Higher Topos Theory

2021 Oct 2

\(K(G, 2)\) is a classifying space of \({{\mathbf{B}}G}\), which can be made a topological group. Then \(K(G, 2) \cong E/{{\mathbf{B}}G}\) for some contractible space \(E\).
Each stalk equivalent to a classifying space \({{\mathbf{B}}G}\): gerbes.
\(n{\hbox{-}}\)stacks of groupoids on \(X\) are like sheaves of homotopy \(n{\hbox{-}}\)types on \(X\).
\((\infty, 1){\hbox{-}}\)cats: all \(k{\hbox{-}}\)morphisms are invertible.
Replace \({\mathsf{Top}}(x, y)\) with \(\mathop{\mathrm{Maps}}(x, y)\) there the objects are maps \(f:x\to y\) and morphisms are homotopies.
Morphisms between morphisms are 2-morphisms.
\(n{\hbox{-}}\)groupoid: every \(k{\hbox{-}}\)morphism has an inverse for \(k\leq n\).
- More generally, \((\infty, n){\hbox{-}}\)categories.
- \(\infty{\hbox{-}}\)groupoids are \((\infty, 0)\) categories.

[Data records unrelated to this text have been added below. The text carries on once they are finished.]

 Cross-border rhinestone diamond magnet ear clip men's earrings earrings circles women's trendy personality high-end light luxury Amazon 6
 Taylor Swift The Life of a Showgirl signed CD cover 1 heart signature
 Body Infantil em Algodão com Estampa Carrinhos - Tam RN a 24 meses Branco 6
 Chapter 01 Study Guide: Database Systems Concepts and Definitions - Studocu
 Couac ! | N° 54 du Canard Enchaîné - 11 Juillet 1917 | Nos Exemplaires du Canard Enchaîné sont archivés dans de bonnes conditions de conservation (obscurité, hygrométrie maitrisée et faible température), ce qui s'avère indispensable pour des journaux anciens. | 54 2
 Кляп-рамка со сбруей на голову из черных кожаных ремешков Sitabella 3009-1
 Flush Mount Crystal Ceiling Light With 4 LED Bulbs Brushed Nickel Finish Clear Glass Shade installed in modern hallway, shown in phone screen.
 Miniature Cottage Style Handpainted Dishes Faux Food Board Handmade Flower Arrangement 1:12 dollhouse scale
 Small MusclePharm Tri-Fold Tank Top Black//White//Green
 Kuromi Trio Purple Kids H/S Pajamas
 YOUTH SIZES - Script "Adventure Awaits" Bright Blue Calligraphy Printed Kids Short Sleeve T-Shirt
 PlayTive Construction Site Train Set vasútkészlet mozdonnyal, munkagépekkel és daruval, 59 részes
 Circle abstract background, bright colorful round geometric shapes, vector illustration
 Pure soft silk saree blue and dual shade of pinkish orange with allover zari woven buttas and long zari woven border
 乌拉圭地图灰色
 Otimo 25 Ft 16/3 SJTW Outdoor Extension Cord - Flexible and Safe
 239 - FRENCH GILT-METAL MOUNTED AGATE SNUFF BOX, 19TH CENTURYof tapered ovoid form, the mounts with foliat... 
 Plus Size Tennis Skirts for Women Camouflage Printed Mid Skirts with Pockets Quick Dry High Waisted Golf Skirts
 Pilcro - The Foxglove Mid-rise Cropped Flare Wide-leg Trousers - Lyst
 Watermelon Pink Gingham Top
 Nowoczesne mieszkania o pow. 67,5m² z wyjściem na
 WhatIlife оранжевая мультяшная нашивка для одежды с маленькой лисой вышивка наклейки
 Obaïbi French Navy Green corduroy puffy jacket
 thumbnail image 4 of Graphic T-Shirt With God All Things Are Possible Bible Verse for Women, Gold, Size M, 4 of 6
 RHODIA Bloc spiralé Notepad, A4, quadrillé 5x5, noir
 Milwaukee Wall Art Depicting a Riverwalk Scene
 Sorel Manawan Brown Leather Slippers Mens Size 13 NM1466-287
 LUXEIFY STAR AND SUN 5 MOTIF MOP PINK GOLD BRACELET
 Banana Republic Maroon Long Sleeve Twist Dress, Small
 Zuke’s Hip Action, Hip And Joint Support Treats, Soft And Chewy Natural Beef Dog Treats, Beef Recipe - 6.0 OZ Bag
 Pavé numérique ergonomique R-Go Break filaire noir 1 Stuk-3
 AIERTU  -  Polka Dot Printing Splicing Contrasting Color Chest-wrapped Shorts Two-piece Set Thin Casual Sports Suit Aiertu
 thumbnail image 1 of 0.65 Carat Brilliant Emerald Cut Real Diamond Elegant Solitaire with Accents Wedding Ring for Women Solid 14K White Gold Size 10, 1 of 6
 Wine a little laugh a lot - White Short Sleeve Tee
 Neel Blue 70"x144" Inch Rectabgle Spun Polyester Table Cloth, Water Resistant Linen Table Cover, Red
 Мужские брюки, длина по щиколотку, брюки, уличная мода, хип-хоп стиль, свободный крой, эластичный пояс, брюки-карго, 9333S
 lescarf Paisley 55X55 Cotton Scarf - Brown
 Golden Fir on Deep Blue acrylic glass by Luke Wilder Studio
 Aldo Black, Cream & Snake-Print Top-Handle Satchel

There is an adjunction \begin{align*} \adjunction{{ {\left\lvert {{-}} \right\rvert} } }{{\operatorname{Sing}}({-})}{{\mathsf{Top}}}{{\mathsf{sSet}}} ,\end{align*} and the counit \({ {\left\lvert {{\operatorname{Sing}}(X)} \right\rvert} }\) is weakly equivalent to \(X\).